I would like to perform a Fixed effect logit estimation in R. Can someone point out a package that can do the job?
Note: For the time being I'm not really interested in the random effect.
Update;
Essentially I wonder if there is the plm package for a binary response model.
Here is some documentation for the plm package:
http://cran.r-project.org/web/packages/plm/index.html
http://dss.princeton.edu/training/Panel101.pdf
If you mean logistic regression, for example, along the lines of
$Y_i\sim\text{Bernoulli}(1,p_i)\,$, with
$\text{logit}(p_i) = X\beta\,$,
(equivalently, $P[Y_i=1] = \frac{\exp(X\beta)}{1+\exp(X\beta)},$)
then use glm. For example:
glm(y~x1+x2,family=binomial)
There are examples in the help at ?glm.predict, ?infert and ?esoph.
If you mean fitting a logistic curve via least squares, like
$E(Y) = \alpha \cdot(\frac{\exp(\beta_0+\beta_1 x)}{1+\exp(\beta_0+\beta_1 x)})$
then use nls. There's an example of fitting a logistic function in the help at ?nls.
Both are part of the standard R installation.
If you mean something else, you need to clarify what you want.
I see from this answer that apparently economists use 'fixed effect model' to refer to a conditional logit model, even though it's far from the only fixed effect model involving a logit. Who would have thought.
As ndoogan mentions in one of the other answers, there's a conditional logistic regression model (clogit) in the survival package.

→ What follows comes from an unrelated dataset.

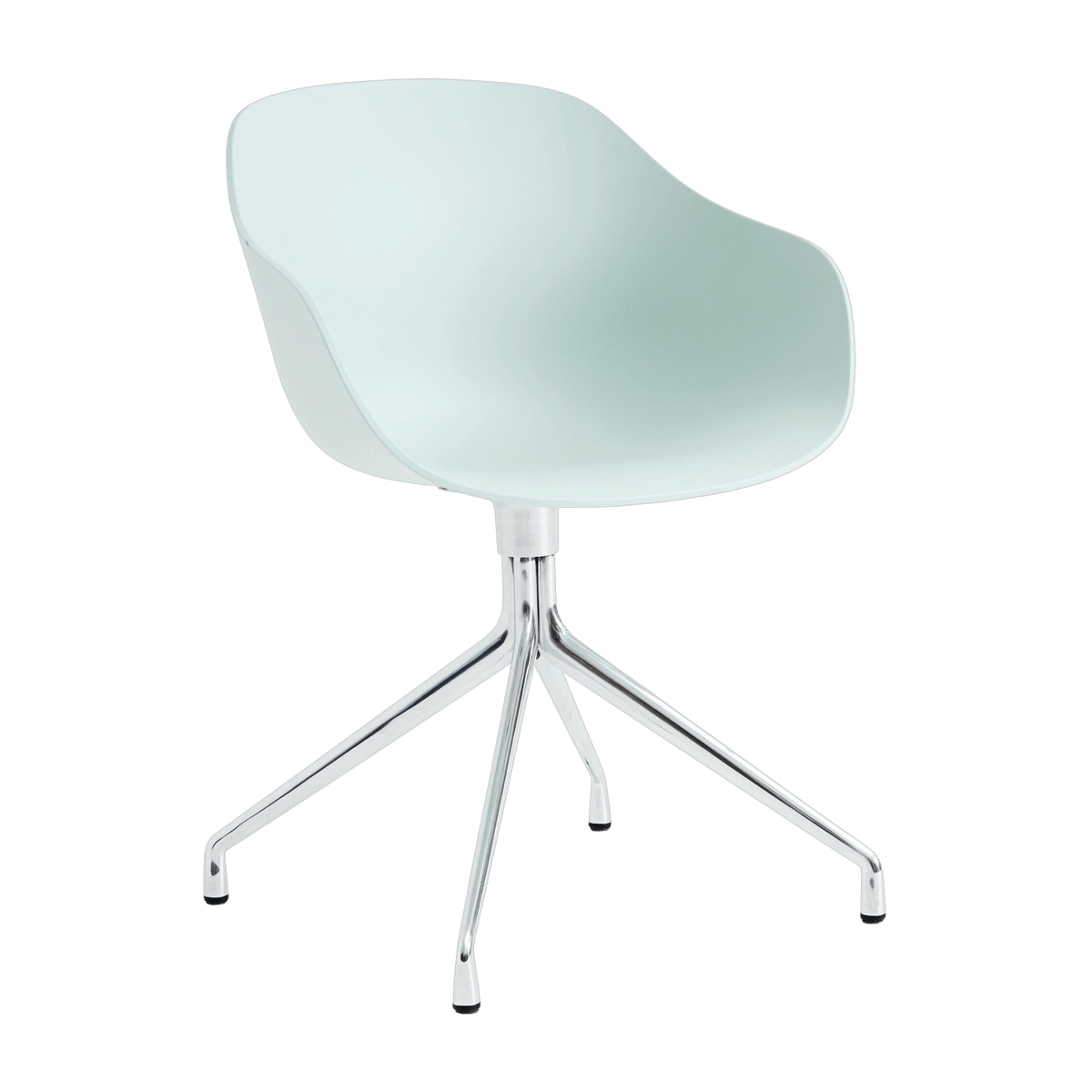 Chaise avec accoudoirs en plastique recyclé dusty mint et pieds en aluminium AAC 220 2.0 - HAY - The Cool Republic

I'm almost certain that you mean conditional logistic regression. This will estimate the within-group relationship between your independent variables and your binary dependent variable. It's similar to adding a dummy for each individual (as in fixed effects). In which case, use the clogit() function in the survival package that is included with R.
There is a new R Package called "bife" that performs Fixed Effects binary logit Models.
https://cran.r-project.org/web/packages/bife/vignettes/howto.html
Standard fixed effects assumptions break down in nonlinear models (like logit).
When you can assume gaussian disturbance, you can model: $$ y_{it} = X_{it}\beta + u_{it}\\ y_{it} = X_{it}\beta + \alpha_i + \epsilon_{it}\\ y_{it} - \bar{y}_i = (X_{it}-\bar{X}_i) \beta + \alpha_i - \bar\alpha_i + \epsilon_{it} -\bar\epsilon_i\\ y_{it}^{dm} = X_{it}^{dm} \beta + \epsilon_{it}^{dm} $$ where $dm$ is the deviation from the mean. This is the within transformation. You get rid of all of your time-invariant heterogeneity, and if you can make an argument that $E[\epsilon_{it}|X,\alpha]=0$, then $\beta$ gets a causal interpretation.
Try this math with a logit link functions and you'll see that it all breaks down. Other approaches exist -- one of the other answerers suggested conditional logit.